Friday, 3 February 2012

More Chinese than the China Chinese

 “You are more Chinese than the China Chinese and you know Chinese history, cultures and traditions much better than us” (“你比我们中国人更象一个中国人。你比我们更懂加理解中华历史,文化连传统。”) , said a China friend of mine during one of my visits there recently. She also added: “We had forgotten much of our cultures and traditions. Most of it lost during the Cultural Revolution” (“我们也忘了很多中华文化和传统,很多是在文化大革命的时候”). She is not the first person who said this. I have heard this from many of my China Chinese friends. I am humbled by their praise but my journey towards learning Mandarin and Chinese history, cultures and traditions was not easy.
Since young, I was sent to English medium kindergarten. Then I went to Convent primary and secondary where the medium of teaching was English and Malay. Then I proceed on to New Zealand and I know very few words of Chinese until I was 20. At home, I speak Hokkien (my native dialect) and English with my parents, aunties, uncles and cousins and Hokkien with my grandparents. Back then I only know my name (慧怡) and simple words like “" (you) and “” (me).  
One of the science books that I read during my secondary school wrote that pain and shock release neuropeptides in the brain and it stamped the experience into the brain cells to make sure that it will be remember for a long time. My experiences with language especially when I am with Chinese from China and Taiwan during my first semester in New Zealand are vividly imprinted in my mind and these experiences only spurred up my baptism to master Mandarin.
It was also at this time that I feel I am neither here nor there in my roots whenever I have conversations with the Chinese. I was not well tutored in my Chinese cultures, yet not part of the westerner culture either. I was lost and I knew I have to find my roots or else I will not belong to anywhere.
I was lucky that I found my saviour. He is Professor Teng Rong Jin from Taiwan who was my lecturer in World History and he wrote beautiful Chinese calligraphy. (He professed that he is a pro-China Taiwanese) I approached Prof. Teng to teach me Mandarin after lecture hours. He agreed to this and I go to his house three times a week from 7pm to 10 pm on Monday, Wednesday and Friday for Mandarin lessons.
He started with teaching me pronunciation using Tang dynasty poems (many of which I can still memorise) and then proceed with teaching me with the writing using calligraphy brush (I still master them till this day). After three months I can speak Mandarin fluently and can write basic characters. From there he teaches me Song dynasty prose, the four books, Confucian studies, Chinese history and many more. He taught me for more than 2 years.
My Chinese studies opened my mind to the richness of Chinese literature and culture. I developed a fascination with the new world I discovered and I go deeper and deeper into it. It became a lifelong study and research. It has also brought me to all corners of China no matter how remote the place is in my quest to see for myself the historical sites and cultural relic leftover by five thousand years of civilisations.
I have also started to love Chinese stuffs such as paintings, calligraphies, porcelains and furniture. (Today my house is all full of those stuffs plus statues and pictures of Chairman Mao, statues of Red Guards in various actions made during the Cultural Revolution and purple clay teapots)

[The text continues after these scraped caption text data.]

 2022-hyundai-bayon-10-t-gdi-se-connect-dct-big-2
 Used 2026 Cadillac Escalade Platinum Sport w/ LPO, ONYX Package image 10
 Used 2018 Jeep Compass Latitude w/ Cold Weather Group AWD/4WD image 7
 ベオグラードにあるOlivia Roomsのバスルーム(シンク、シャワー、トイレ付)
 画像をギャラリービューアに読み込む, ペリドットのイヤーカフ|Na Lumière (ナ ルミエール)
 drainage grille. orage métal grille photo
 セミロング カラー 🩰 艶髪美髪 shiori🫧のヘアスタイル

Prof. Teng was strict but he was very helpful and encouraging. He was also the one who gave me my first Little Red Book of Chairman Mao’s quotations. My admiration for the Chairman was also developed from there. Till today, Prof. Teng and I still keep in good touch.

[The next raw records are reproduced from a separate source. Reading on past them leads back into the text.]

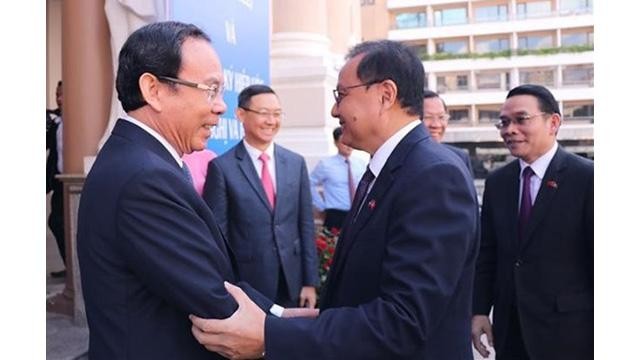 Le secrétaire du Comité municipal du Parti de Hô Chi Minh-Ville, Nguyen Van Nen (gauche), reçoit des dirigeants de Vientiane, de Champassak et de Savannakhet. Photo: VNA
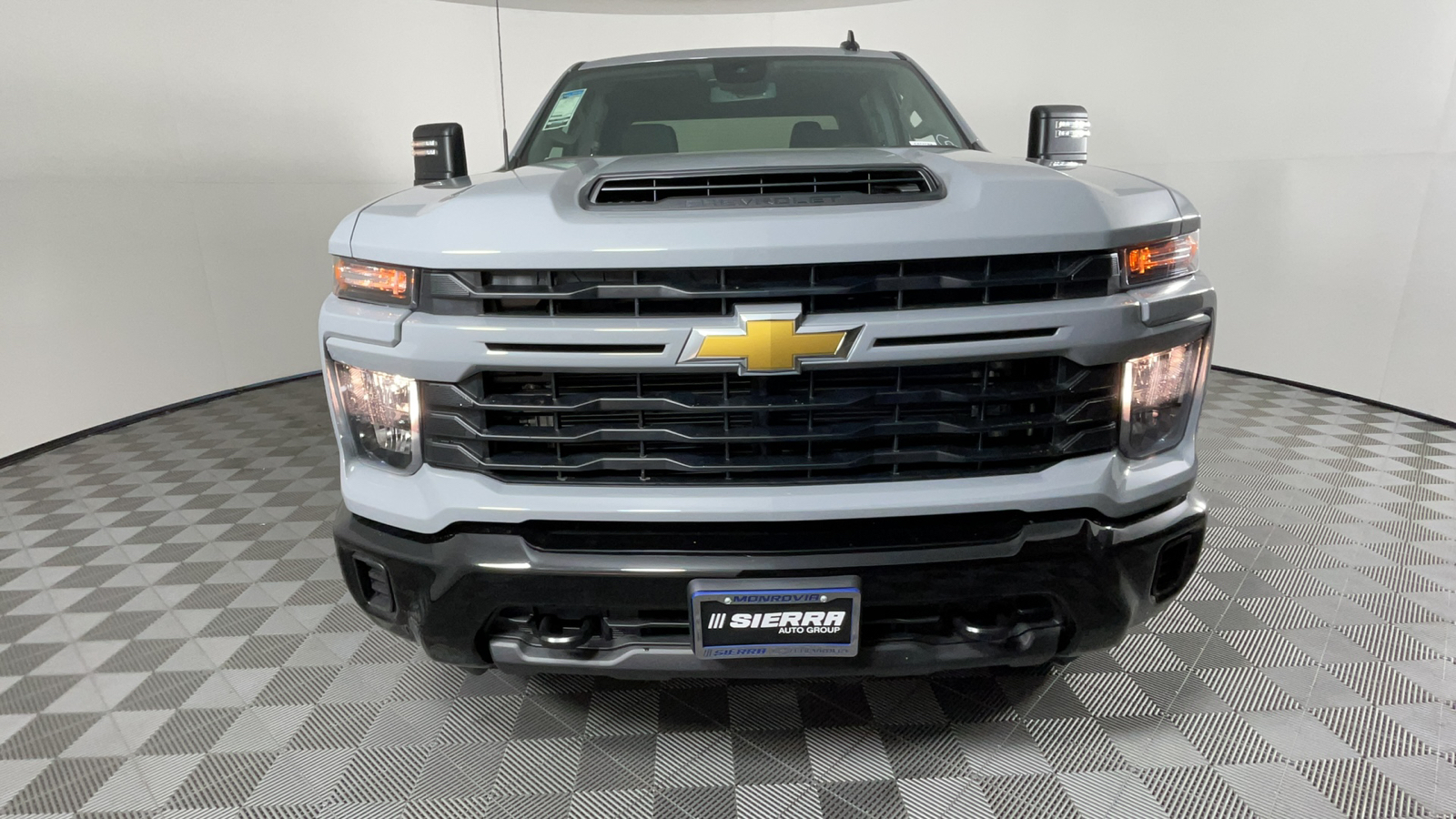 2024 Chevrolet Silverado 2500HD Custom 9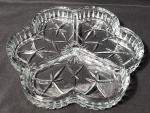 Belíssima petisqueira de origem Européia, produzida em vidrão translúcido com 3 divisórias, representando flor, maior comprimento:24cm.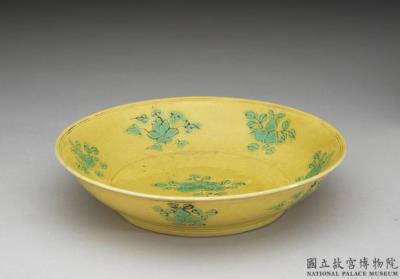 图片[2]-Yellow dish with green flower and fruit design, Ming dynasty, Jiajing reign (1522-1566)-China Archive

When I return from New Zealand, I was a different person with fluency in English, Malay and Mandarin and I discovered my Chinese roots and its world. Perhaps my Chinese friends are right; I am more Chinese than I knew, I am more Chinese than the Chinese themselves.
However, no matter how they may say about the Chinese I am, I am a Malaysian first and Chinese second. My motherland is Malaysia and not China and I am proud to be Malaysian.